Of the total 620 HIV/AIDS hospital admissions from September 2009 to August 2011, 60 patients (9.7%) were hospitalized for CNS complications. The diagnosis of HIV infection was made after hospital admission in 16 of the 60 patients (26.7%), and 34 of them (56.7%) were already on antiretroviral therapy (ART) at the point of admission. The median CD4 cell count in these subjects was 39 (21-133) cells/mm(3), and 93.3% (56/60) of these patients belonged to stage IV HIV disease according to World Health Organization (WHO) classification. The most frequent diagnosis in these subjects included cryptococcal meningitis (CM, n=13, 22%), cerebral toxoplasmosis (n=10, 17%), and CNS tuberculosis (n=7, 11.7%). The overall mortality was 13% (8/60) and the case-fatality rates were: cryptococcal meningitis 7.7% (1/13), cerebral toxoplasmosis 20% (2/10) and tuberculous meningitis 28.6% (2/7). Of the 34 patients who were on ART, paradoxical neurological IRIS (the conditions of their existing CNS disorders get paradoxically worse after ART because of an exuberant inflammatory response directed towards opportunistic pathogens) was diagnosed in 4 patients (11.8%), 2 of whom related to TB infection (out of 5 TB patients, 40%), and the other 2 related to CM (out of 8 patients, 25%).
Opportunistic infections, such as cryptococcal meningitis, cerebral toxoplasmosis and CNS tuberculosis were the most frequent diagnosis of CNS disease in hospitalized HIV/AIDS patients in You'an Hospital, Beijing, China. About 10% patients on ART were diagnosed as neurological IRIS in such a group of patients.
描述中国北京佑安医院住院的HIV/AIDS患者中枢神经系统(CNS)疾病谱以及神经免疫重建炎症综合征(IRIS)的作用。

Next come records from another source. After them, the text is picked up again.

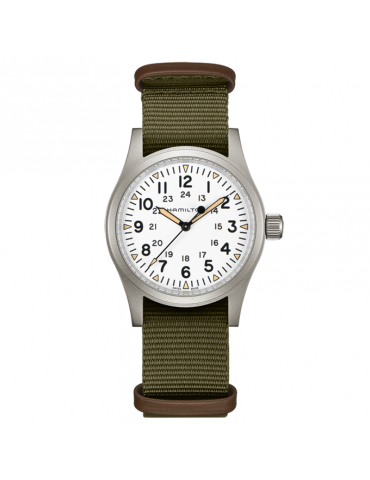 Hamilton Khaky Field Mechanical 38mm Men's Watch - 0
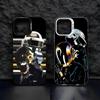 D-Daft Punk Band Phone Case For IPhone17 Air 16 15 14 Plus 13 12 11 Pro 7 8 XS Max XR Silver Black Bumper Case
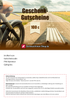 €100 Zeitmaschinen-Shop.de Motorcycle Gift Voucher — Print-at-Home
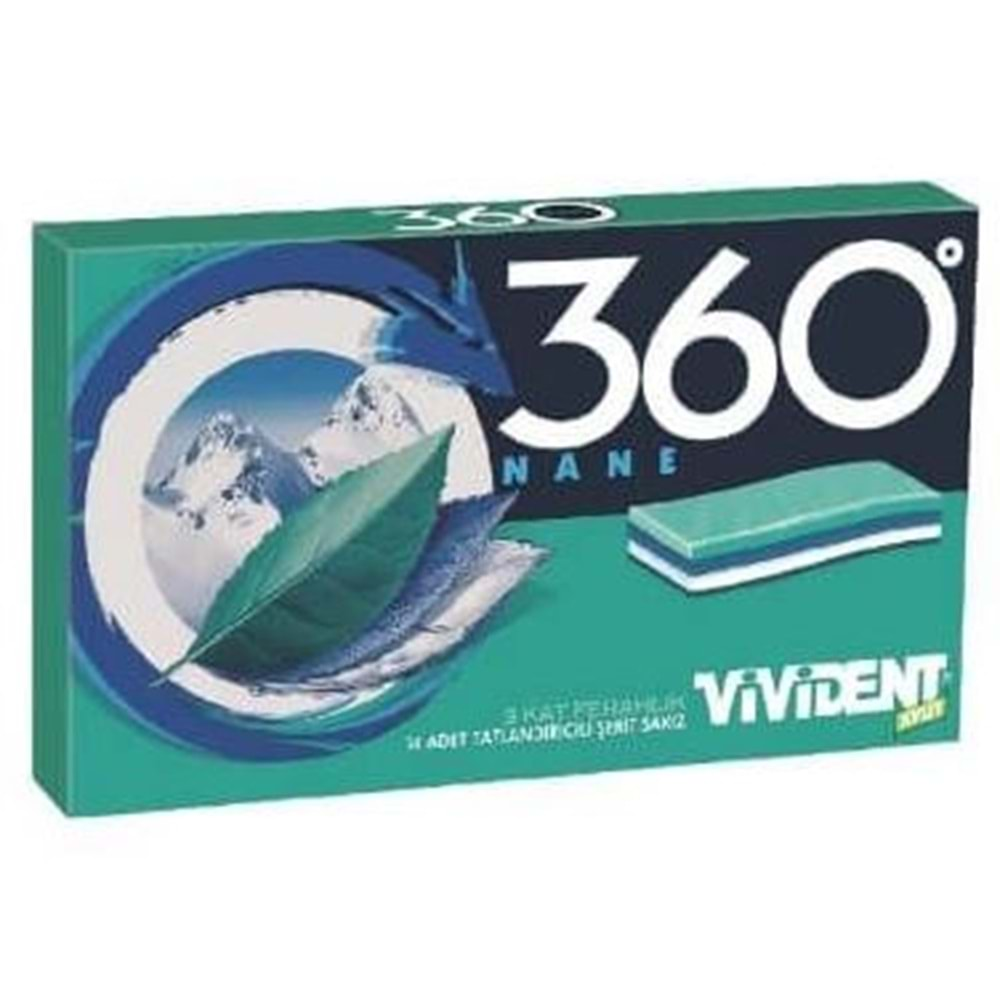 Vivident Xylit 360 Nane 33 gr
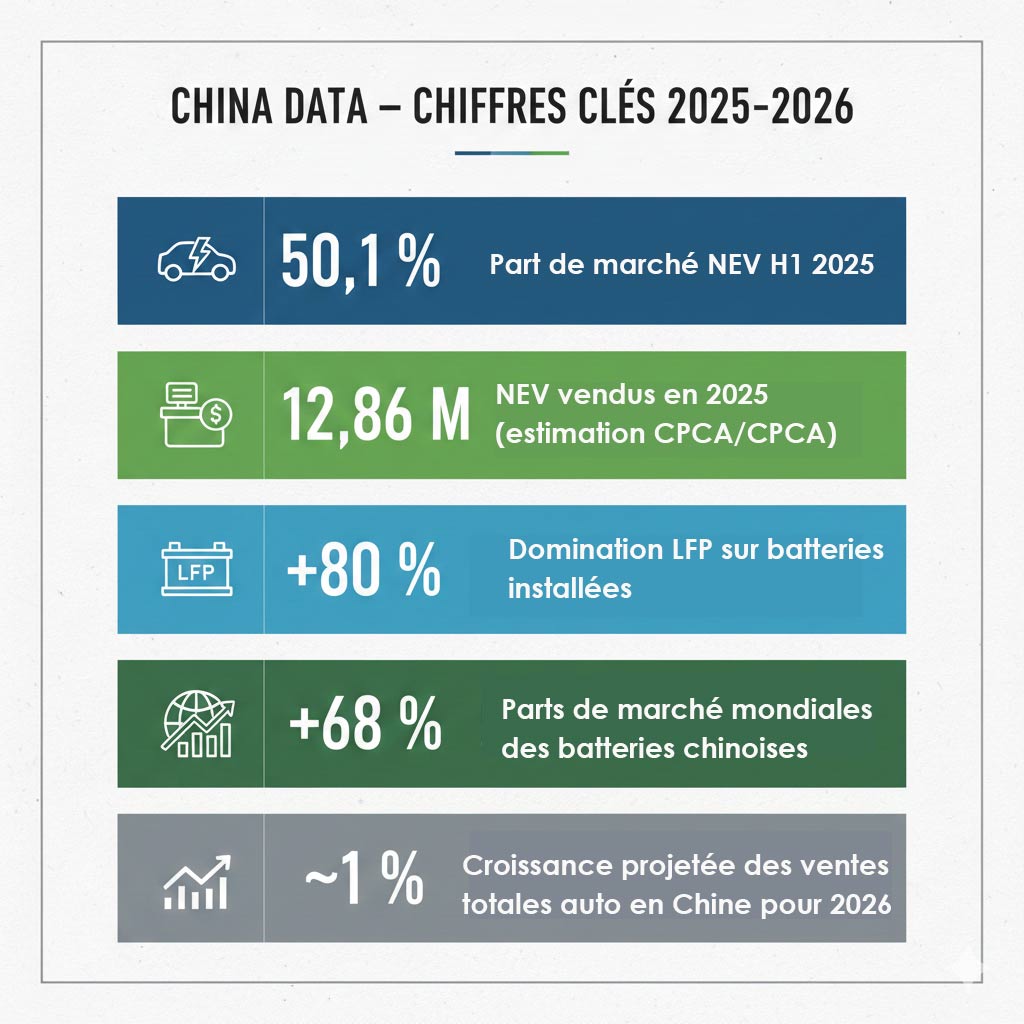 China Data : les chiffres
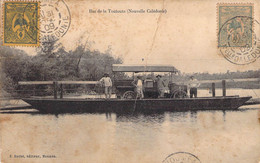 Nouvelle Calédonie -  Bac De La Toutouta - Edit. J. Raché - Animé - Oblitéré 1909- Carte Postale Ancienne - Nouvelle-Calédonie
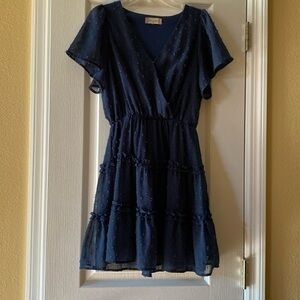 NWOT Altard state dress beautiful blue‎ size XS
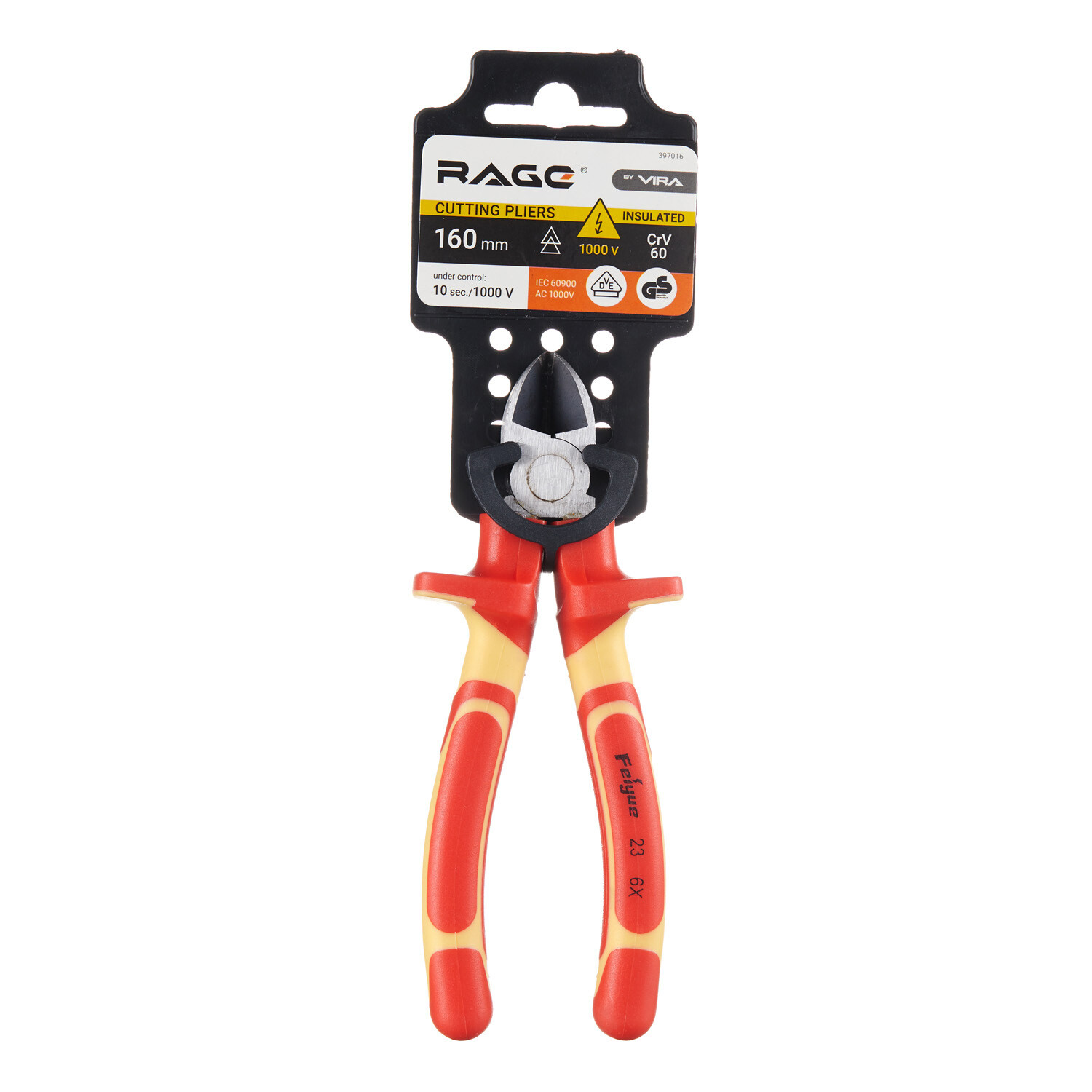 Бокорезы диэлектрические Rage by Vira 160 мм (397016)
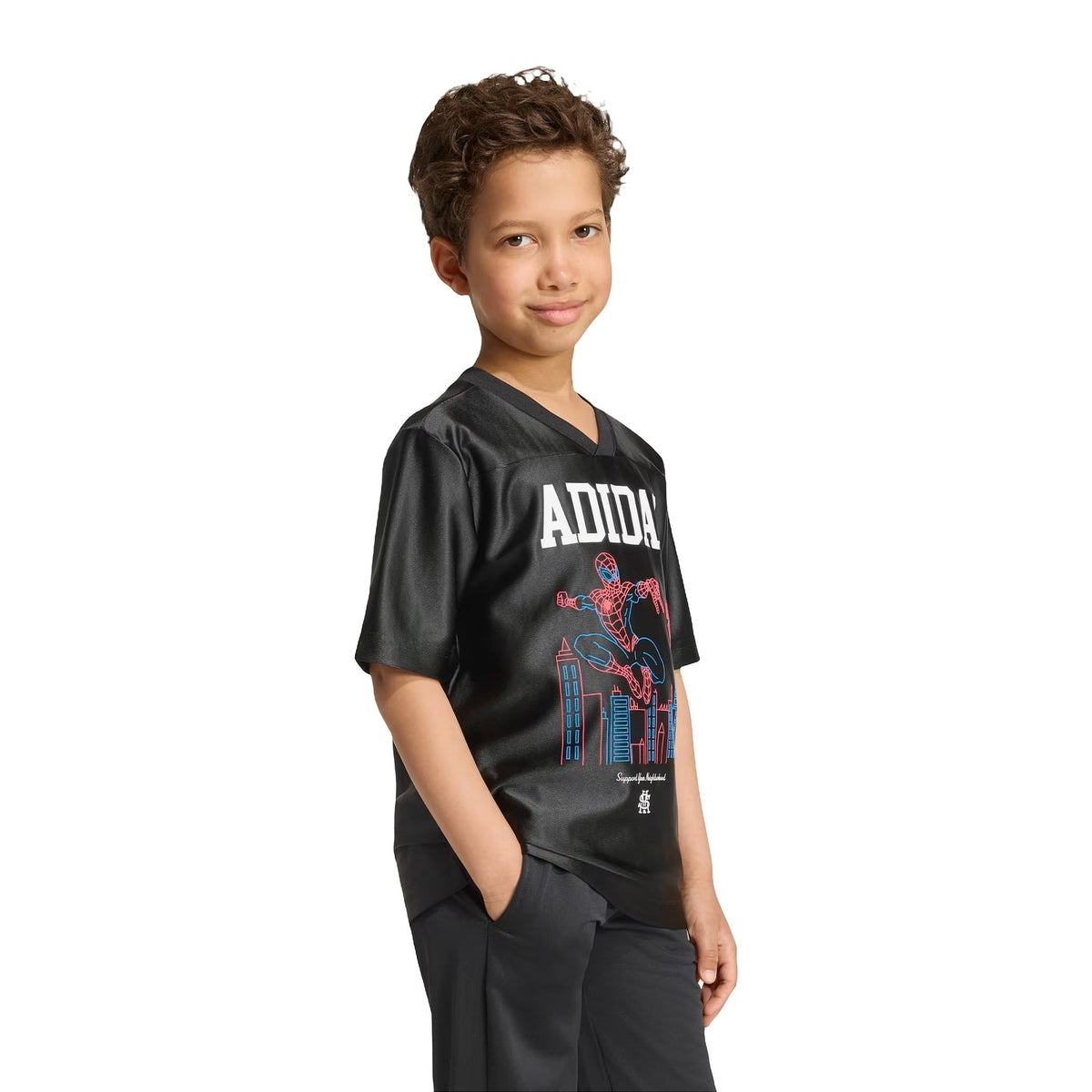 T-Shirt Adidas Marvel Spider-Man, vista 2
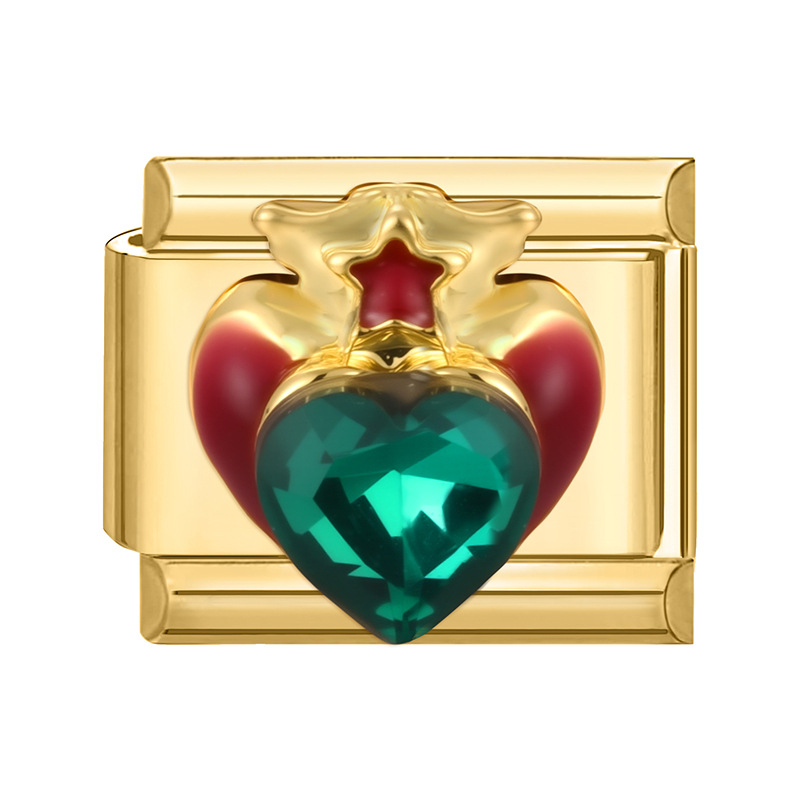 Green diamond love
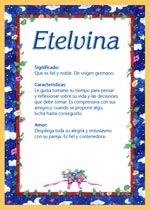 Etelvina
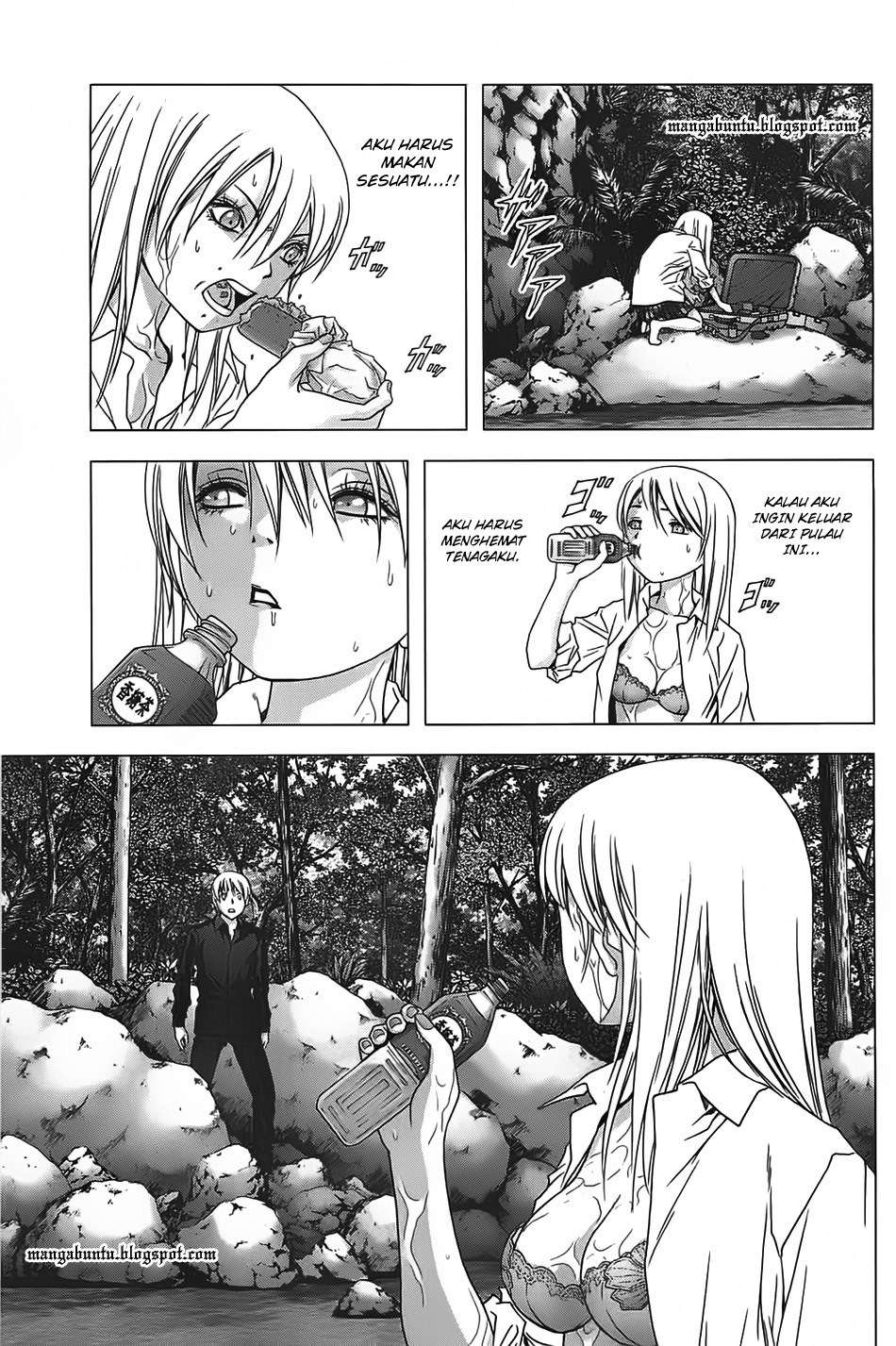 btooom - Chapter: 34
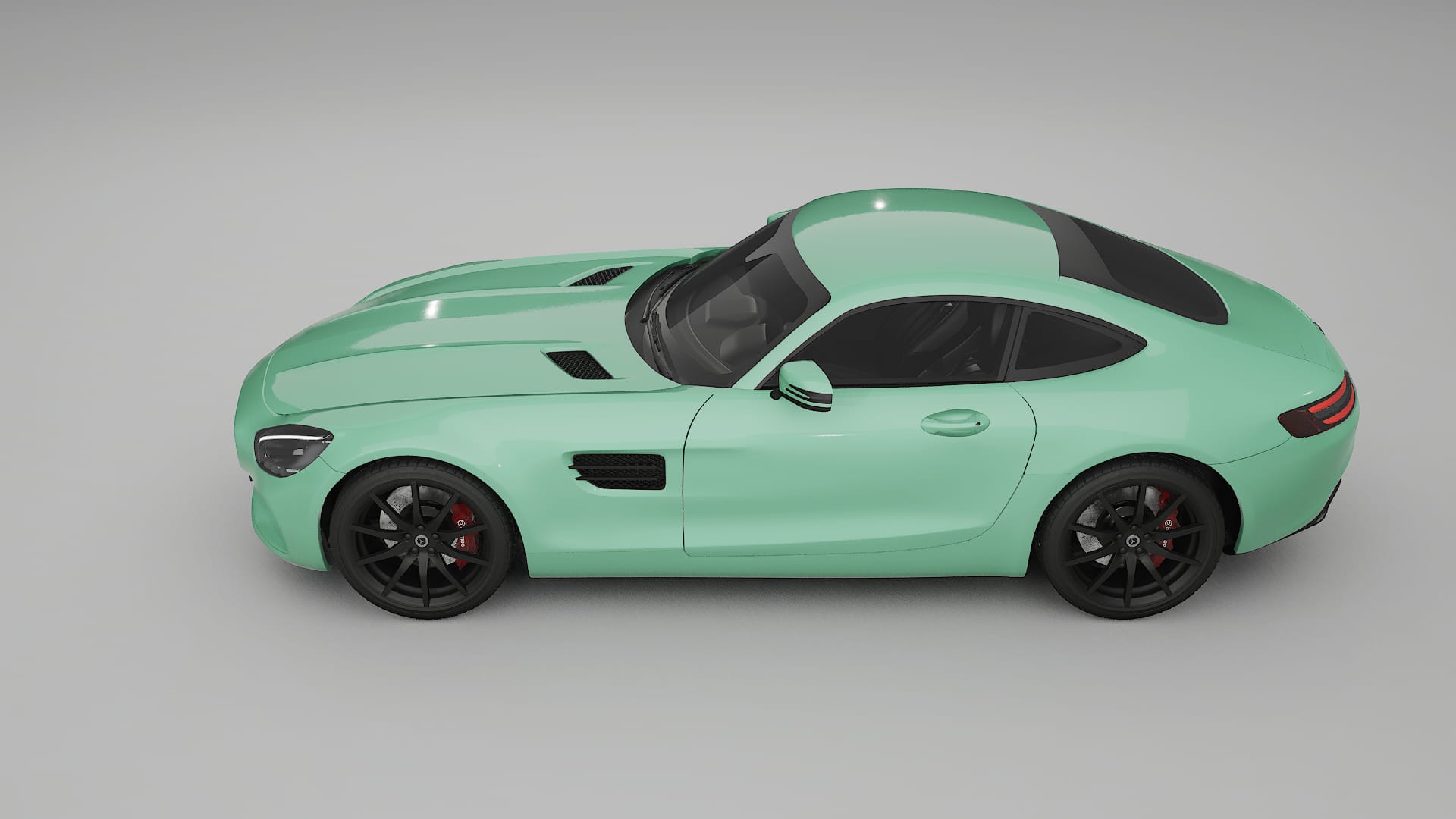 Mercedes AMG GT C190 Coupe PPF Fólie | DUSTY TPU PPF - kompletní pre-cut kit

在中国北京的一家公立转诊医院佑安医院进行了一项为期24个月的回顾性观察研究。本研究纳入了2009年9月至2011年8月因出现新的或复发的神经和(或)精神症状而入院的HIV血清阳性患者。查阅病历,收集人口统计学和临床数据。本研究排除了患有周围神经病变和谵妄的患者。
在2009年9月至2011年8月期间入院的620例HIV/AIDS患者中,有60例(9.7%)因CNS并发症住院。60例患者中有16例(26.7%)在入院后被诊断为HIV感染,其中34例(56.7%)在入院时已接受抗逆转录病毒治疗(ART)。这些患者的CD4细胞计数中位数为39(21 - 133)个细胞/mm³,根据世界卫生组织(WHO)分类,93.3%(56/60)的患者属于IV期HIV疾病。这些患者中最常见的诊断包括隐球菌性脑膜炎(CM,n = 13,22%)、脑弓形虫病(n = 10,17%)和CNS结核病(n = 7,11.7%)。总死亡率为13%(8/60),病死率分别为:隐球菌性脑膜炎7.7%(1/13)、脑弓形虫病20%(2/10)和结核性脑膜炎28.6%(2/7)。在34例接受ART的患者中,4例(11.8%)被诊断为矛盾性神经IRIS(由于针对机会性病原体的过度炎症反应,ART后其现有的CNS疾病状况反而恶化),其中2例与结核感染有关(5例结核患者中,40%),另外2例与CM有关(8例患者中,25%)。
在中国北京佑安医院住院的HIV/AIDS患者中,机会性感染,如隐球菌性脑膜炎、脑弓形虫病和CNS结核病是CNS疾病最常见的诊断。在这类患者中,约10%接受ART的患者被诊断为神经IRIS。